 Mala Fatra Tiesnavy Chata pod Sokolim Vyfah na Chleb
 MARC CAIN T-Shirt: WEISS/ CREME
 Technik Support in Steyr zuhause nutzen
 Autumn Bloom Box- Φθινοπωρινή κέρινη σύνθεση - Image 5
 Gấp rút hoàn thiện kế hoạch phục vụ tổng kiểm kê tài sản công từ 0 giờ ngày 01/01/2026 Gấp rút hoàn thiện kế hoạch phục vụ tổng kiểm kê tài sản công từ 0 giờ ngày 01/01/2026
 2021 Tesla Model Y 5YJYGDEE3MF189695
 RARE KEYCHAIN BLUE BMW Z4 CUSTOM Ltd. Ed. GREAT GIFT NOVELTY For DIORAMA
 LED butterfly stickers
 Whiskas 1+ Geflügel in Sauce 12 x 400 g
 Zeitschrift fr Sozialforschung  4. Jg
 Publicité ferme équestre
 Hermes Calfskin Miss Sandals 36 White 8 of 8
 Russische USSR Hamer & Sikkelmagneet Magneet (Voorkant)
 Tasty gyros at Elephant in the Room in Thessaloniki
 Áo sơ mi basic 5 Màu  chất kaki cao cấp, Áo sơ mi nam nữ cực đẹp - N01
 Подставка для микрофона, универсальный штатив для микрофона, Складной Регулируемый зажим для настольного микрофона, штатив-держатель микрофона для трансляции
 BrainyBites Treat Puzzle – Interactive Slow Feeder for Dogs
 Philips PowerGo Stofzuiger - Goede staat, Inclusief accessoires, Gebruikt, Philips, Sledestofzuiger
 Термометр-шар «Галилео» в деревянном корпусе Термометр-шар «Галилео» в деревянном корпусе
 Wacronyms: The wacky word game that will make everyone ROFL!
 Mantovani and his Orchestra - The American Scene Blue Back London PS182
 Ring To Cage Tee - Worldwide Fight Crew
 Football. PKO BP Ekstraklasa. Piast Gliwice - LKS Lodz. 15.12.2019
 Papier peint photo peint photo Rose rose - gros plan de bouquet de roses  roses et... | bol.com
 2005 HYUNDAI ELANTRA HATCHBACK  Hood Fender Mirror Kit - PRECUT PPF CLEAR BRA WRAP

What you will do — Restate word for word the entries above, starting at the line with "Technik Support in Steyr zuhause nutzen" and ending at the line with "Football. PKO BP", inclusive, and no others.

Completed task —
 Technik Support in Steyr zuhause nutzen
 Autumn Bloom Box- Φθινοπωρινή κέρινη σύνθεση - Image 5
 Gấp rút hoàn thiện kế hoạch phục vụ tổng kiểm kê tài sản công từ 0 giờ ngày 01/01/2026 Gấp rút hoàn thiện kế hoạch phục vụ tổng kiểm kê tài sản công từ 0 giờ ngày 01/01/2026
 2021 Tesla Model Y 5YJYGDEE3MF189695
 RARE KEYCHAIN BLUE BMW Z4 CUSTOM Ltd. Ed. GREAT GIFT NOVELTY For DIORAMA
 LED butterfly stickers
 Whiskas 1+ Geflügel in Sauce 12 x 400 g
 Zeitschrift fr Sozialforschung  4. Jg
 Publicité ferme équestre
 Hermes Calfskin Miss Sandals 36 White 8 of 8
 Russische USSR Hamer & Sikkelmagneet Magneet (Voorkant)
 Tasty gyros at Elephant in the Room in Thessaloniki
 Áo sơ mi basic 5 Màu  chất kaki cao cấp, Áo sơ mi nam nữ cực đẹp - N01
 Подставка для микрофона, универсальный штатив для микрофона, Складной Регулируемый зажим для настольного микрофона, штатив-держатель микрофона для трансляции
 BrainyBites Treat Puzzle – Interactive Slow Feeder for Dogs
 Philips PowerGo Stofzuiger - Goede staat, Inclusief accessoires, Gebruikt, Philips, Sledestofzuiger
 Термометр-шар «Галилео» в деревянном корпусе Термометр-шар «Галилео» в деревянном корпусе
 Wacronyms: The wacky word game that will make everyone ROFL!
 Mantovani and his Orchestra - The American Scene Blue Back London PS182
 Ring To Cage Tee - Worldwide Fight Crew
 Football. PKO BP Ekstraklasa. Piast Gliwice - LKS Lodz. 15.12.2019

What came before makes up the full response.